* **EXTRACTED MATERIAL**
● ● ● ● ●

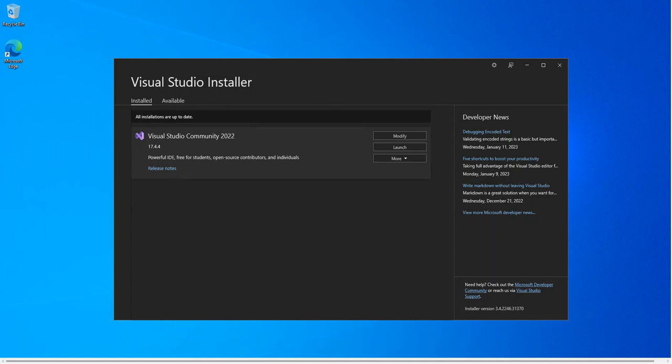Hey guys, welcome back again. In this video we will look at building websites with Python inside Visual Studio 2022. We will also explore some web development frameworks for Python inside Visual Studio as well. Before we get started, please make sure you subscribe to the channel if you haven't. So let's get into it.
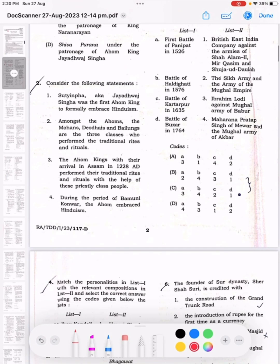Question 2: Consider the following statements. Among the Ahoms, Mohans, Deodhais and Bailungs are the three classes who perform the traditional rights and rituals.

● ● ● ● ●

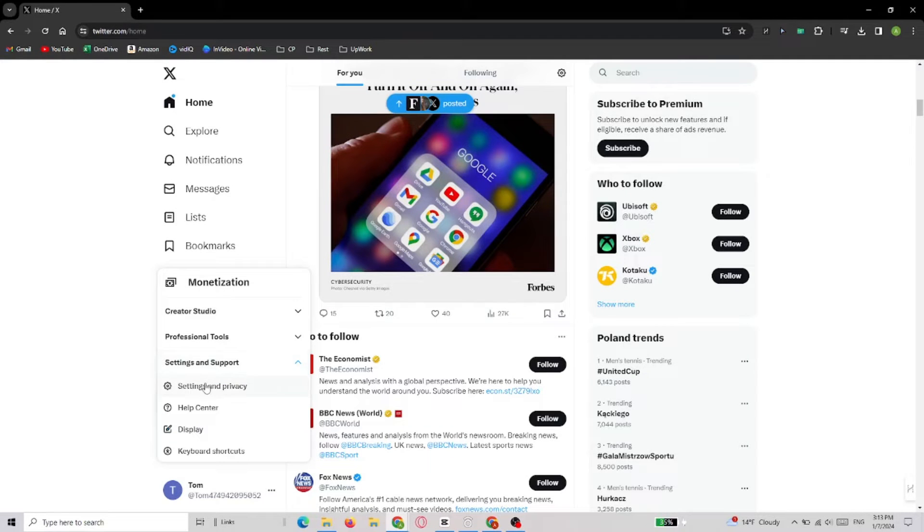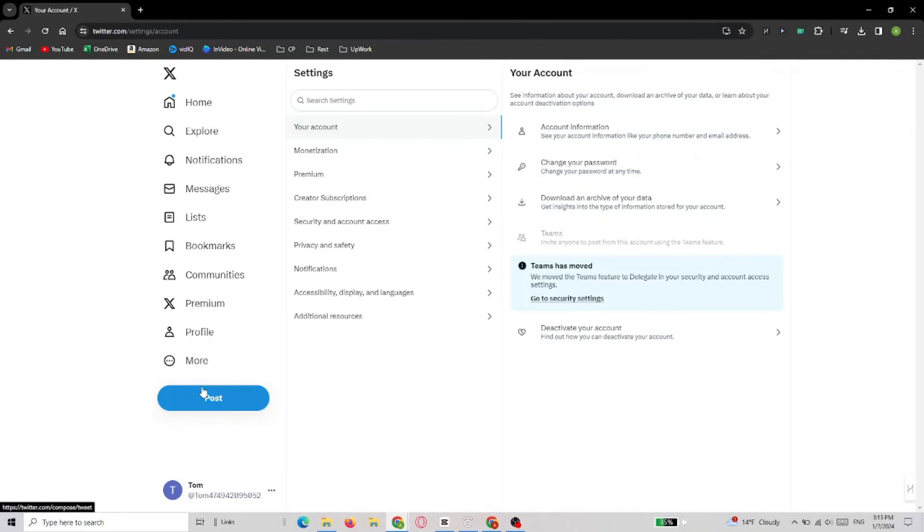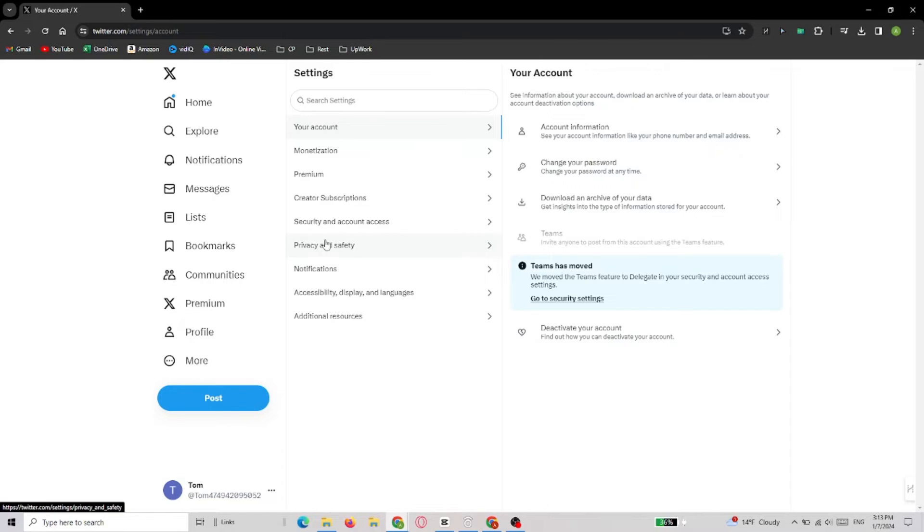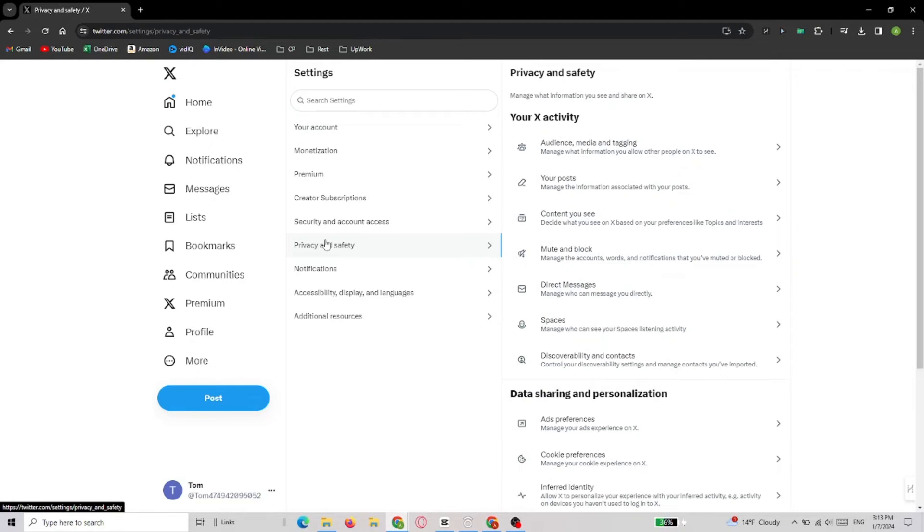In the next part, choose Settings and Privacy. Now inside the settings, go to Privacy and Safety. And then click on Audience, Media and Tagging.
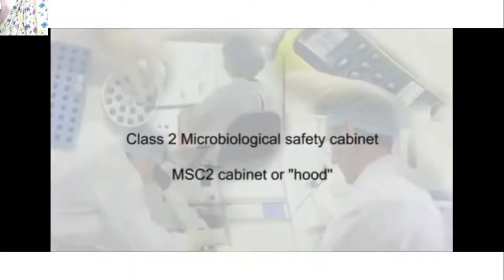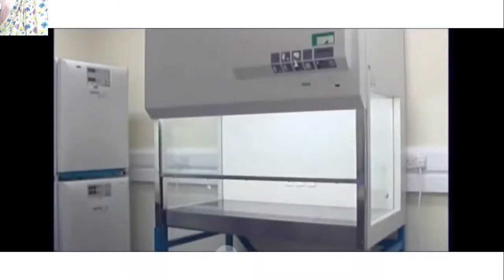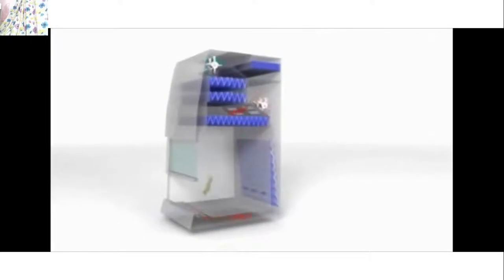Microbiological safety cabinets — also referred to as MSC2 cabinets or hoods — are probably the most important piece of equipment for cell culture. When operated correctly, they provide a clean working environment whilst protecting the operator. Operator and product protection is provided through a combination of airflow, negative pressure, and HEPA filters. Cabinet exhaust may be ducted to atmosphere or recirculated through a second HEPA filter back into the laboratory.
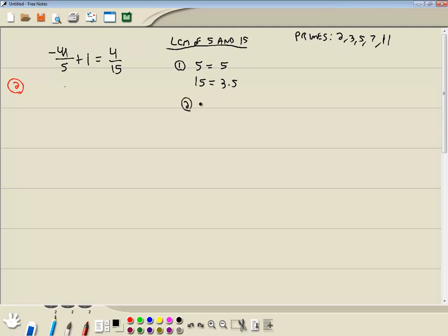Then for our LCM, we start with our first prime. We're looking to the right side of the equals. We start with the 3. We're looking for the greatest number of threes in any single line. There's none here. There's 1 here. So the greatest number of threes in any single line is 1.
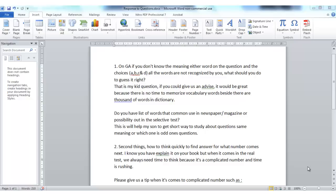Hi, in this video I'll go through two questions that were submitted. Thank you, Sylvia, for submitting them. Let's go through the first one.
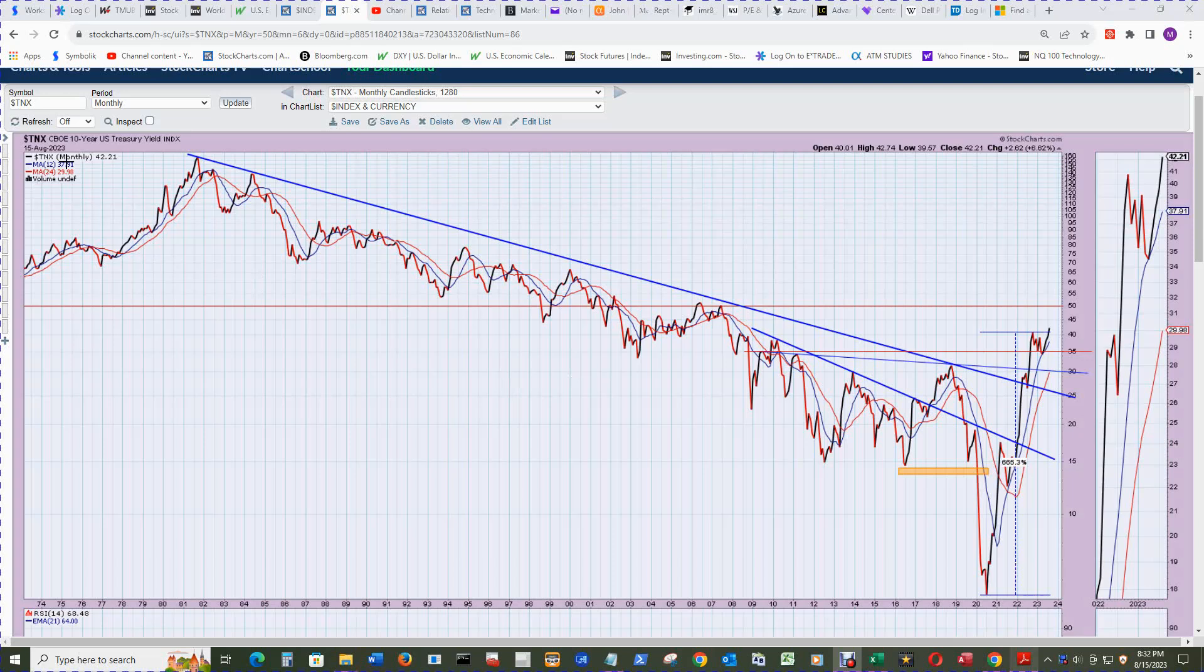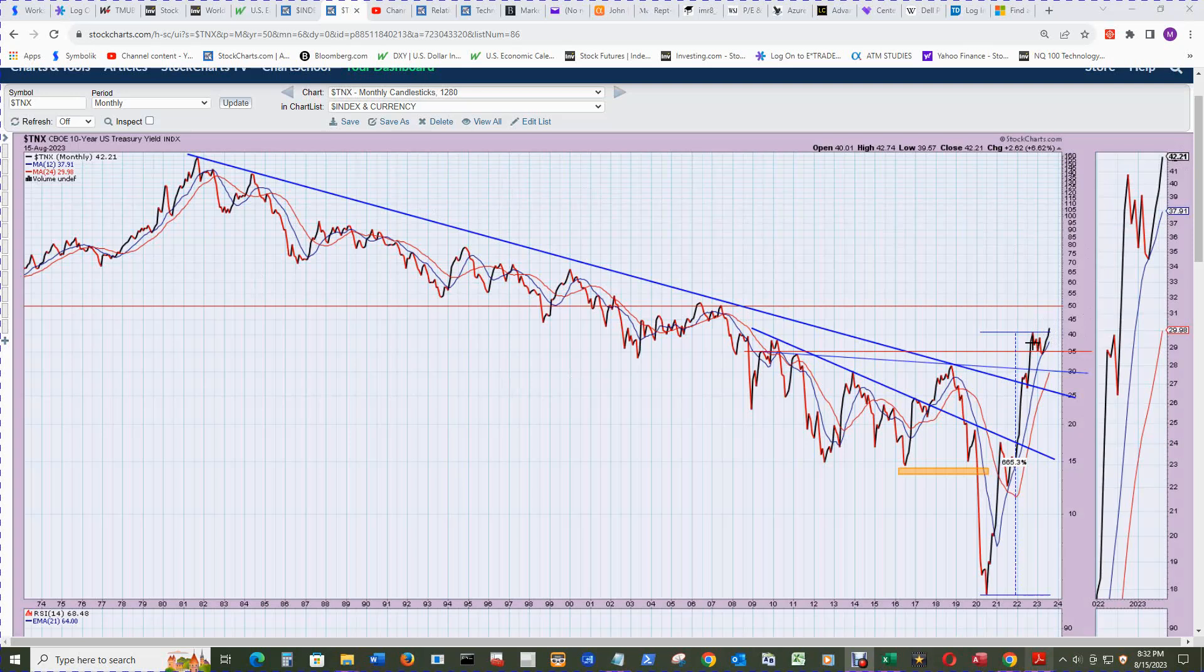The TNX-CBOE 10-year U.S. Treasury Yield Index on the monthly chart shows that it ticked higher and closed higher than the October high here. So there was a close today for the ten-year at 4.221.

● ● ● ● ●

Nothing outside the stretch above, from the line with "Microbiological safety cabinets" through the line with "The TNX-CBOE 10-year", is set down. Transcribe that stretch exactly, ends included, but not its pictures.

Microbiological safety cabinets — also referred to as MSC2 cabinets or hoods — are probably the most important piece of equipment for cell culture. When operated correctly, they provide a clean working environment whilst protecting the operator. Operator and product protection is provided through a combination of airflow, negative pressure, and HEPA filters. Cabinet exhaust may be ducted to atmosphere or recirculated through a second HEPA filter back into the laboratory.
Then for our LCM, we start with our first prime. We're looking to the right side of the equals. We start with the 3. We're looking for the greatest number of threes in any single line. There's none here. There's 1 here. So the greatest number of threes in any single line is 1.
Hi, in this video I'll go through two questions that were submitted. Thank you, Sylvia, for submitting them. Let's go through the first one.
The TNX-CBOE 10-year U.S. Treasury Yield Index on the monthly chart shows that it ticked higher and closed higher than the October high here. So there was a close today for the ten-year at 4.221.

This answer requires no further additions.